Impressions, Louis Guédet, Notaire et Juge de Paix à Reims. Récits et impressions de guerre d'un civil rémois 1914-1919, journal retranscrit par François-Xavier Guédet son petit-fils


Cardinal Luçon

Mercredi 26 – Visite de Mgr Mestre, Évêque du Soudan, charge par M. Clemenceau de visiter les troupes noires. II me raconte que M. Clemenceau le manda, lui demanda de dire ce qu’il savait de l’Afrique – Tout ? – Oui! – II n’y aura peut-être pas que des choses agréables à entendre pour le Gouvernement français – Dites toujours. C’est pour cela que je vous ai fait venir. « D’ailleurs, aujourd’hui, il n’y a plus que vous qui fassiez quelque chose de propre. »
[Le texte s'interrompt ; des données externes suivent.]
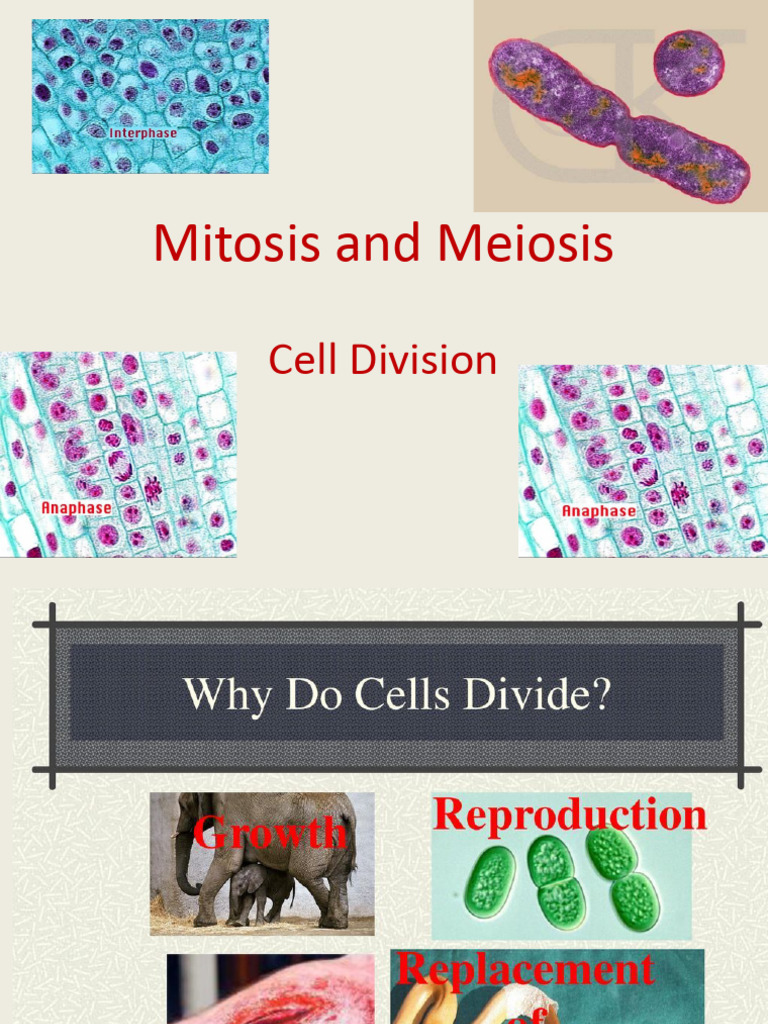 Mitosis and Meiosis: Cell Division Explained | PDF | Meiosis | Mitosis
Cardinal Luçon dans son Journal de la Guerre 1914-1918, éd. par L’Académie Nationale de Reims – 1998 – TAR volume 173

Mercredi 26 juin

Au nord de l’Aisne, après un violent bombardement, un combat à la grenade s’est engagé dans les ouvrages que nous avions conquis la veille au nord-est de le Port. Notre front a été intégralement maintenu.
Actions d’artillerie assez vives dans la région de Faverolles et de Corcy.
Nous avons exécuté en Woëvre et en Lorraine trois coups de main qui nous ont valu une vingtaine de prisonniers.
Sur le front britannique, à Neuville-Vitasse, des troupes canadiennes ont exécuté un raid sur les tranchées ennemies et ramené 22 prisonniers et 6 mitrailleuses. Au cours d’une attaque heureuse au sud de la Scarpe, nos alliés ont fait quelques prisonniers et pris une mitrailleuse.
Pendant la nuit, l’artillerie ennemie a été active entre Villers-Bretonneux et Morlancourt, au sud d’Avion et à l’ouest de Merville et a fait amplement usage d’obus toxiques.
Les Italiens ont poursuivi le refoulement des troupes austro-hongroises et ont capturé environ 2000 ennemis. Ils ont réoccupé complètement la rive droite de la Piave, enlevé un poste sur la pointe de Escarallo, accompli un raid heureux sur les pentes du Mont di Valbella, infligé de lourdes pertes à l’ennemi sur les pentes du Grappa.
Ils ont abattu 9 avions ennemis. L’aviateur Baracca se serait suicidé pour ne pas tomber aux mains de l’ennemi.
Paris a été classé dans la zone des armées.
Von Kuhlmann, le ministre des Affaires étrangères allemand, a prononcé un important discours devant la grande commission du Reichstag. Il a déclaré que si l’Entente énumérait ses conditions de paix, les Empires Centraux seraient prêts à les entendre. C’est la formule de M. Balfour retournée. Hertling a fait, à son tour, un discours.